Deepti Damayanty Pradhan • Pravati Jena • Sreesom Misra • et. al.  June 17, 202 DOI: 10.7759/cureus.62561 

Abstract

Introduction: The mandated closure of schools due to Covid-19 is likely to have a negative impact on school-going children. This study aimed to assess the psychosocial well-being of school children during the pandemic in eastern India.

Methods: This cross-sectional study was conducted in the outpatient pediatric department of tertiary care teaching hospitals. Children between the ages of 4 and 14 were enrolled. The main outcome measures included the Emotional Symptoms Scale, Conduct Problem Scale, Hyperactivity Scale, Peer Problem Scale, and Prosocial Scale from the Strength and Difficulties Questionnaire (SDQ), as well as the Children’s Hope Scale.

Results: Out of 169 children aged 4-14, 104 (61.5%) were male, 140 (82.8%) were from urban areas, 66 (39.1%) had a family member who was a healthcare worker or frontline worker, and 12 (7.1%) had experienced the death of a family member due to Covid-19. Anxiety-related and depressive symptoms were observed in 81 (47.9%) and 70 (41.4%) children, respectively. Psychosocial difficulties with a ‘clinically significant problem likely’ were observed in 26 (15.4%) children, more common in males (16.35%, P=0.035) and older children (12-14 years). Children from families with healthcare/frontline workers, Covid-affected families, loss of job in the earning member, and uninvolved parenting style were associated with more psychosocial difficulties. The mean (SD) hope score was 22.46 ± 6.42 in children above eight years.
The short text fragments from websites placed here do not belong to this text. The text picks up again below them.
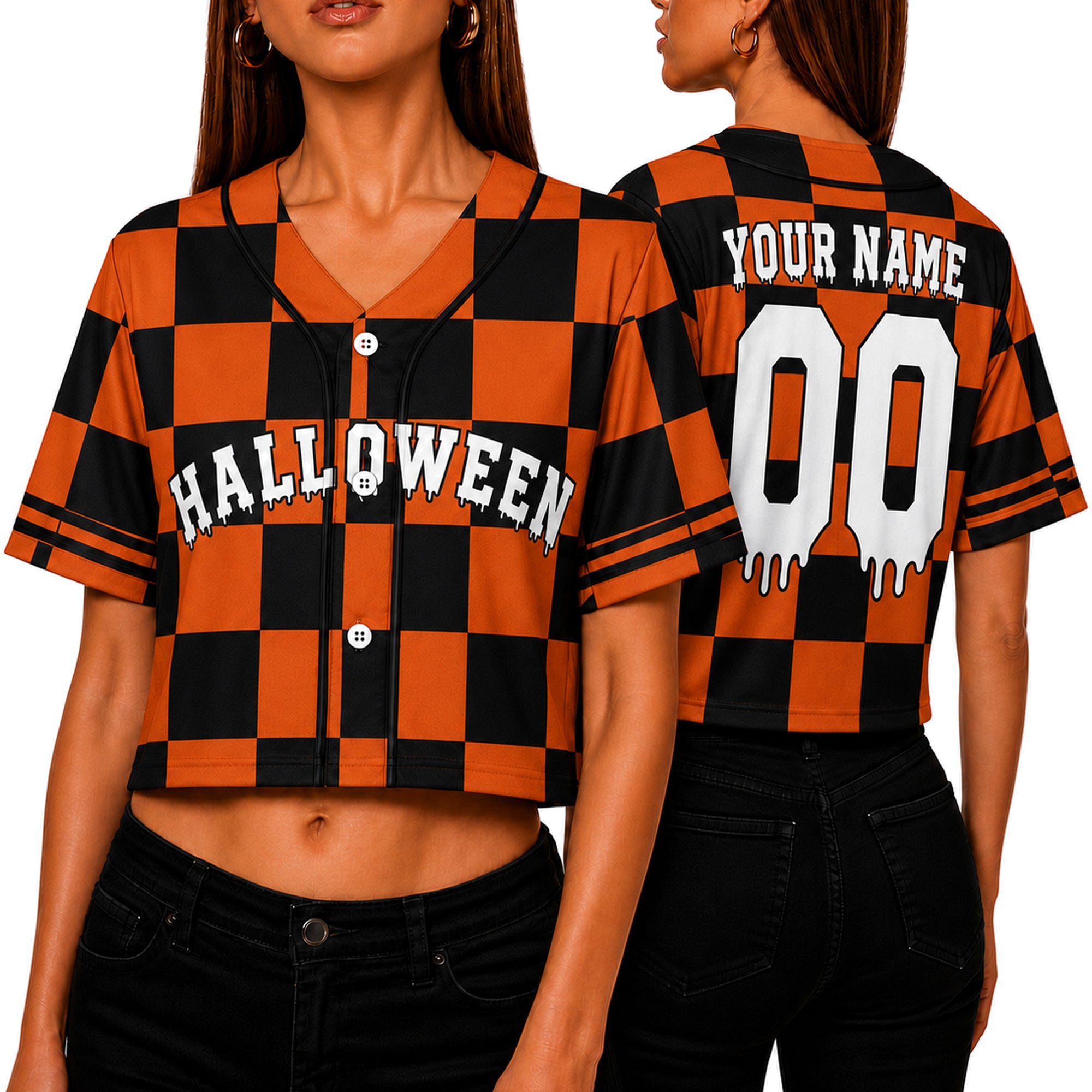 Custom Halloween Women's Crop Baseball Jersey Pumpkin Checkers - Design Your Own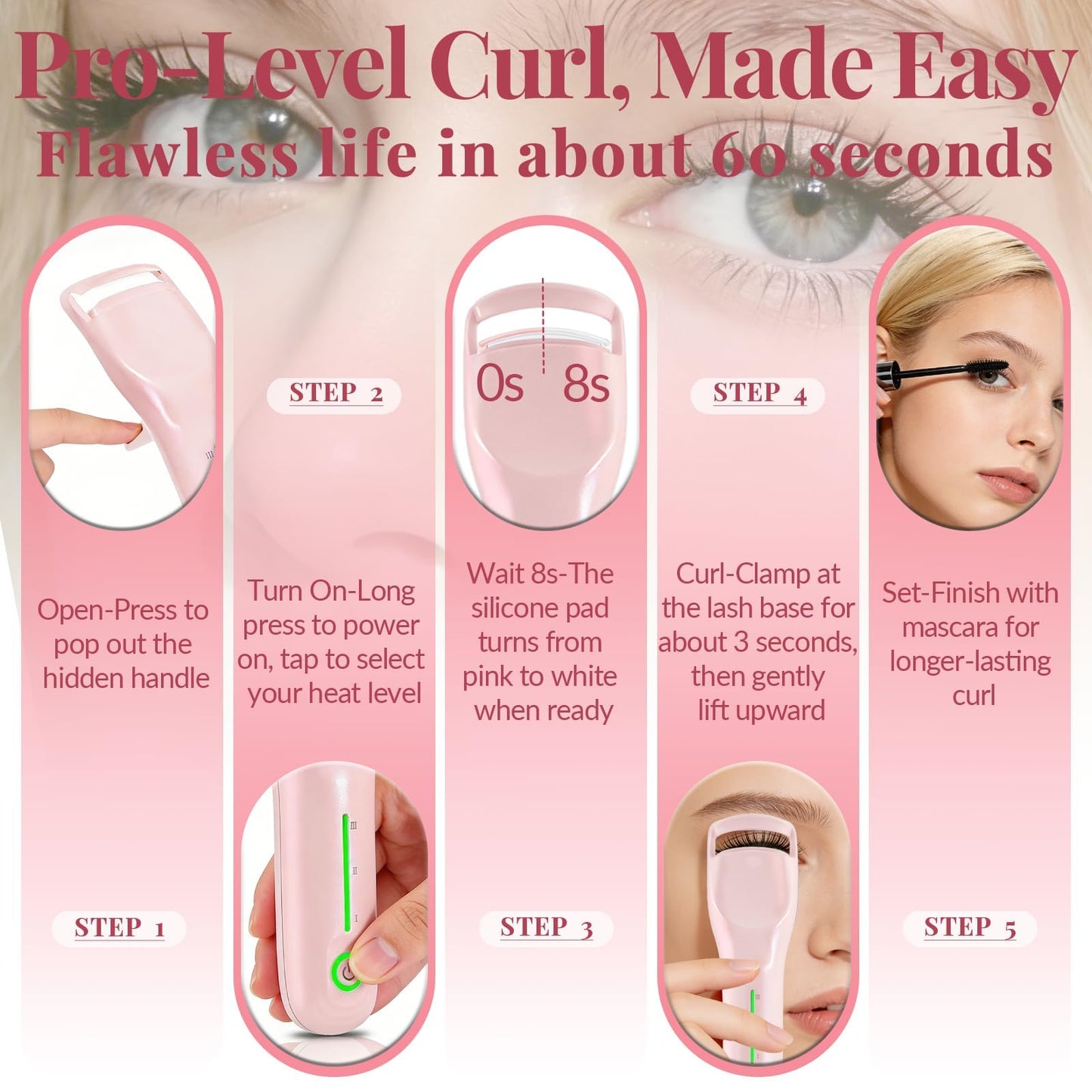 Heated Eyelash Curler, 3 Heat Levels, 8s Fast Heat, 24H Natural C-Curl Lift, Anti-Burn Silicone Pad, USB-C Rechargeable, Auto Shut-Off, Wide-Arc Design for Fine, Thick & False Lashes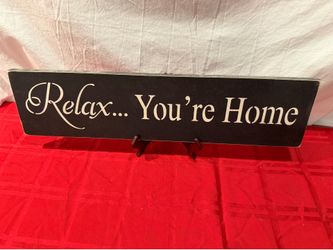 5.75”x24” RELAX YOUR HOME BLACK WOODEN WALL ART WALL DECOR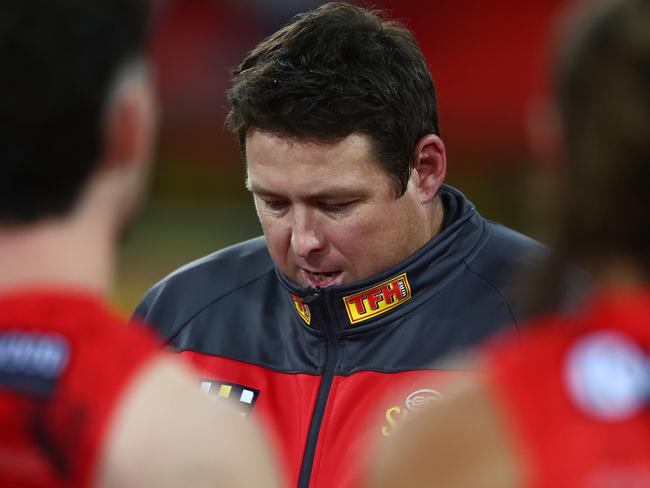 GOLD COAST, AUSTRALIA - JULY 01: Suns head coach Stuart Dew during the round 16 AFL match between Gold Coast Suns and Collingwood Magpies at Heritage Bank Stadium, on July 01, 2023, in Gold Coast, Australia. (Photo by Chris Hyde/AFL Photos/via Getty Images)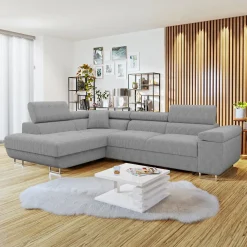 Garnero Arredamenti Divani Angolari|Divani Letto-Divano letto angolare sinistra imbottito 274x203cm velluto a coste grigio Bormio Velluto Poso Grigio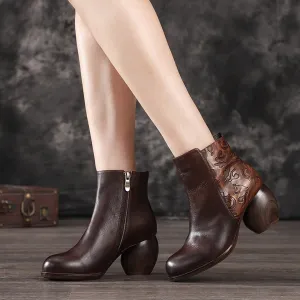 Autumn Winter Retro Leather Chunky Heels Ankle Boots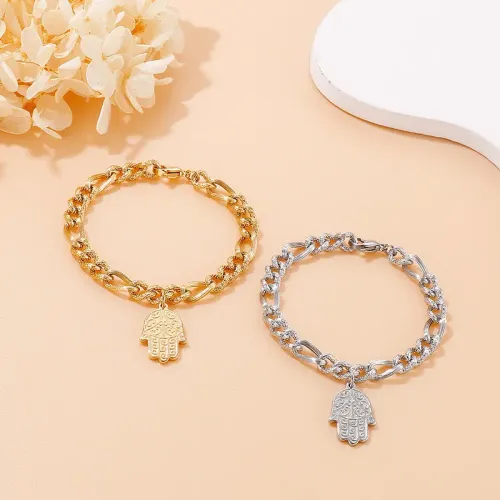 BTM1118 Titanium Steel Mother-Daughter Palm Shape Bracelet for Women Sentimental Jewelry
Conclusion: The psychosocial well-being of school-going children is adversely affected during Covid-19, particularly in families with frontline workers, loss of job, and death of family members due to Covid-19. The poor hope score in children aged 8 years and above indicates an adverse impact on their ability to achieve future goals.

Introduction

Social distancing was one of the primary public health interventions to reduce the spread of SARS-CoV-2, the virus-causing Covid-19. Though children appeared to be at low risk of developing severe disease and mortality, many interventions (closure of school, quarantine of family members, news and social media on Covid-19, separation of parents, death of near and dear ones, etc.) have significantly disrupted the lives of children [1]. Past evidence has shown significant psychosocial effects on children during disasters, and reports of psychosocial distress in children have increased during Covid-19 [2-4]. The core components of psychological well-being are emotional/personal, social/interpersonal and the ability to cope. During the initial crisis period, the ’emotional’ and ‘social’ components are likely to be affected whereas during the protracted and recovery phase, the ‘ability to cope’ component is affected.

The objective of the present study was to describe the various components of psychosocial well-being of school-going children during the pandemic and their associated factors. Psychosocial components included are depression, anxiety, behaviour, emotion, conduct, socialisation, and goal-oriented thought.

Materials & Methods

This survey was conducted from June 2021 to December 2021 after receiving ethical approval from the Institutional Ethical Committee, Balangir. The parents of school-going children aged between 4 and 14 years were invited to participate in the study either in person or via WhatsApp, email, and URL-linked messages. After obtaining informed written consent, a pre-designed questionnaire was distributed to the parents. Children over the age of eight were asked to provide their assent to participate in the study. Children not attending school or known to have psychosocial, neuropsychiatric, or developmental disorders were excluded from the study.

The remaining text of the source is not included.